Comparative short‐term safety and efficacy of hypnotics: A quantitative risk–benefit analysis
Janet M. Y. Cheung, Hannah Scott, Alexandria Muench, Ronald R. Grunstein, Andrew D. Krystal, Dieter Riemann, Michael Perlis- Behavioral Neuroscience
- Cognitive Neuroscience
- General Medicine
Summary
Several professional societies have provided recommendations for prescribing medications for insomnia. None has provided an integrative analysis that concurrently quantifies safety and efficacy (e.g., risk–benefit ratios). This represents an important gap for informing clinician decision‐making. Accordingly, the aim of the present review is to provide such an analysis for five classes of sleep‐promoting medications. Adverse event data values were extracted from the most recent FDA‐approved package inserts and converted to an integer before being placebo‐adjusted and standardized as a rate per 1000 (AEr). Efficacy data, pre‐to‐post self‐reported data for active and placebo conditions were acquired from pivotal trials identified in “white papers” and systematic reviews/meta‐analyses. Weighted effect sizes were calculated for subjective sleep latency, wake time after sleep onset and total sleep time, and then were averaged by medication class for each sleep continuity variable. Overall efficacy was represented by a single variable, SWT (sleep latency + wake time after sleep onset + total sleep time). Risk–benefit was represented using a simple ratio value.
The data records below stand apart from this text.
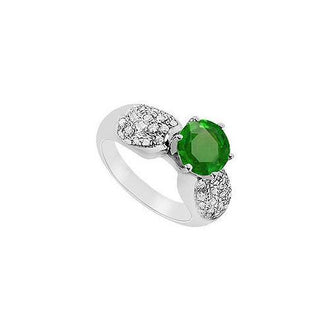 Emerald and Diamond Engagement Ring : 14K White Gold - 1.50 CT TGW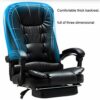 ZCMEB Executive Office Chair with Leather, Swivel Desk Chair for Home and Office, Ergonomic Computer Chair with Adjustable Seat (Color : Black(s)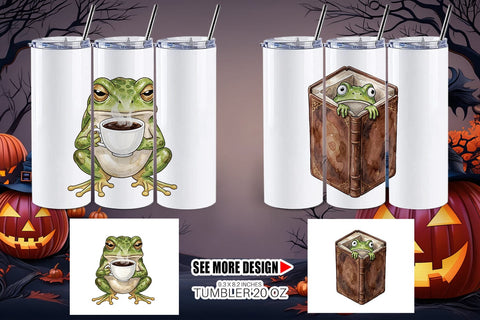 Tumbler Introvert Frog Dark Academia Watercolor Sublimation artnoy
For safety, it was found that melatonin receptor agonists had the lowest adverse event rate (AEr = 43.1), and non‐benzodiazepine benzodiazepine receptor agonists had the highest rate (AEr = 255.0). For efficacy, it was found that the pre‐to‐post placebo adjusted effect sizes were largest for benzodiazepines (effect size = 1.94) and smallest for melatonin receptor agonists (effect size = 0.109). For risk–benefit, histamine antagonist had the most favourable profile (risk–benefit = 69.5), while melatonin receptor agonist had the least favourable profile (risk–benefit = 395.7). Overall, the combined metric for risk–benefit suggests that treatment with a histamine antagonist is optimal and potentially represents the best first‐line therapy for the medical management of insomnia.